Listing Judgment on Bankruptcy Petition could Renew Enforceability of Otherwise Time-Barred Judgment, holds New York Appeals Court

Today, we report on a New York appellate case, First New York Bank v. Alexander,[1] that affirms basic elements of NYCPLR § 211(b): acknowledging a debt in writing or making partial payment on a judgment will renew the 20-year statute of limitations to enforce the judgment. Otherwise, a money judgment is "presumed to paid and satisfied after the expiration of twenty years..."

The basic facts of this case are as follows: A default judgment is entered against Debtor for $314,735.19 on April 25, 1990. Debtor lists this judgment in a 2005 bankruptcy petition[2]. In 2011, assignee-judgment creditor, The Cradle Company, sought to enforce the judgment through issuance of restraining notices and subpoenas.
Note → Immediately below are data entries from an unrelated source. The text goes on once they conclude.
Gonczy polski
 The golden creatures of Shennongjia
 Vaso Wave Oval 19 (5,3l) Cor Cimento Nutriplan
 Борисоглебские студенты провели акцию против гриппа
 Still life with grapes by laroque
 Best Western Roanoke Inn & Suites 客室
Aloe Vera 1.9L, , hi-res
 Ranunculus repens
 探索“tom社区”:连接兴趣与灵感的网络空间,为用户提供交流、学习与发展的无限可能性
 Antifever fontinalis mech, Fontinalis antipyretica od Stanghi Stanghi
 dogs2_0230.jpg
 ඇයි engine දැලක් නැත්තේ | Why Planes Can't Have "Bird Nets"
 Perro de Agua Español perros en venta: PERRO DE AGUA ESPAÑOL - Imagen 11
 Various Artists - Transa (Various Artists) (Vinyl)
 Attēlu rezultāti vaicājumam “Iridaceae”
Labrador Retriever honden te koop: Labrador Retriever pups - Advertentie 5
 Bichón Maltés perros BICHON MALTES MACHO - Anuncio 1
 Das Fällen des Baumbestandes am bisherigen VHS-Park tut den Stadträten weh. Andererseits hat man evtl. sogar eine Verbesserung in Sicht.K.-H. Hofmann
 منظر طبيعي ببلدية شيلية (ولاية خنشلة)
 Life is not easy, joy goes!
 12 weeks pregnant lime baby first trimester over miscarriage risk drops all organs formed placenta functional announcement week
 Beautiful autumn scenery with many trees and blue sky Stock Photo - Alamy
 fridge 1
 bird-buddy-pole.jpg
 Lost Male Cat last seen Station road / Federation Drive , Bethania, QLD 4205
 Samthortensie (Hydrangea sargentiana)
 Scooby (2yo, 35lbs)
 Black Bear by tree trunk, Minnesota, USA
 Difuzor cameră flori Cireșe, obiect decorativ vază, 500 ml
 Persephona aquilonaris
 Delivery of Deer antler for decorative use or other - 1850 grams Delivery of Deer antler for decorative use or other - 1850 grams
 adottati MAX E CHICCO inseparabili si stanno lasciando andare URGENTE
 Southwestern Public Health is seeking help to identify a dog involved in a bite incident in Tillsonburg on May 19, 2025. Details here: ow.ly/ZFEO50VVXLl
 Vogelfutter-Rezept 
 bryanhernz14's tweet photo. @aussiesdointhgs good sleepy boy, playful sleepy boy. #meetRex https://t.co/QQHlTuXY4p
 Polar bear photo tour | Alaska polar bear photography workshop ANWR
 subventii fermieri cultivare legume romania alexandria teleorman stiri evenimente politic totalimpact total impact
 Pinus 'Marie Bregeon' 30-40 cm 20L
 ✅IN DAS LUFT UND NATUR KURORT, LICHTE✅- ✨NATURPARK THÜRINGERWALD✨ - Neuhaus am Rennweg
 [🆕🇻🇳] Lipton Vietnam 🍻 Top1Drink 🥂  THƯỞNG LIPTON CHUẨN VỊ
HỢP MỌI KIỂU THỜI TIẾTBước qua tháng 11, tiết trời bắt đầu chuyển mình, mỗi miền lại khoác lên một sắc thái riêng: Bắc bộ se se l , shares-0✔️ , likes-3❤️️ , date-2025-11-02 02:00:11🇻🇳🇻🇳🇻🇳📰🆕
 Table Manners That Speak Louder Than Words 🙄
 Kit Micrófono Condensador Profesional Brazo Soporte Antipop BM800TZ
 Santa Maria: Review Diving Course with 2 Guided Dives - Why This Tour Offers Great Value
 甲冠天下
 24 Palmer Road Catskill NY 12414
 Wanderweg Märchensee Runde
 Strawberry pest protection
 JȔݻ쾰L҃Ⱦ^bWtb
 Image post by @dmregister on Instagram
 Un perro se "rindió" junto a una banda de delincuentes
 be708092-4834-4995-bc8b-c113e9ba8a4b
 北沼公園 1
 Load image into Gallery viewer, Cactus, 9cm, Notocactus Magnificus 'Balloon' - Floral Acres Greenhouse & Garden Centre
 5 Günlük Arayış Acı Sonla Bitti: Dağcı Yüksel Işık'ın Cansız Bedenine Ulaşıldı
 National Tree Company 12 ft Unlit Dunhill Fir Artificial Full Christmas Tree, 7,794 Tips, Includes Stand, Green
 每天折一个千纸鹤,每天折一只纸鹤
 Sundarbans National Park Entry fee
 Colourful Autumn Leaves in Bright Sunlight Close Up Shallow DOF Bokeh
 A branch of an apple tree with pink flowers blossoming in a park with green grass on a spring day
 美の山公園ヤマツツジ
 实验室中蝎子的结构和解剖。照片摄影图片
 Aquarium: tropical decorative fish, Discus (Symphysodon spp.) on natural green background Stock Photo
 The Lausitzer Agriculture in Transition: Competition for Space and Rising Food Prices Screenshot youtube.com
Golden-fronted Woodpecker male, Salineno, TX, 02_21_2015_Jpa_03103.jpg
Shortly thereafter, Debtor sought a judicial declaration that enforcement was time barred under CPLR § 211(b).

The lower trial court held that that Debtor's failure to acknowledge the full amount of the judgment in his bankruptcy petition somehow fell short of the acknowledgement exception of CPLR § 211(b).

The Appellate Division, First Department reversed, citing other cases that hold that "an acknowledgment need not list the amount owed, the character of the obligation, a promise to pay the debt; A mere recognition of the judgment is enough.



[1] First New York Bank for Business v. Alexander, 2013 N.Y. Slip Op. 10796 (First Dep't).

[2] The wrong amount and the wrong courthouse were listed on the bankruptcy petition, two inaccuracies that did not alter the issue in this appeal but which may have contributed to the debt's nondischargeability in the Chapter 7 proceeding.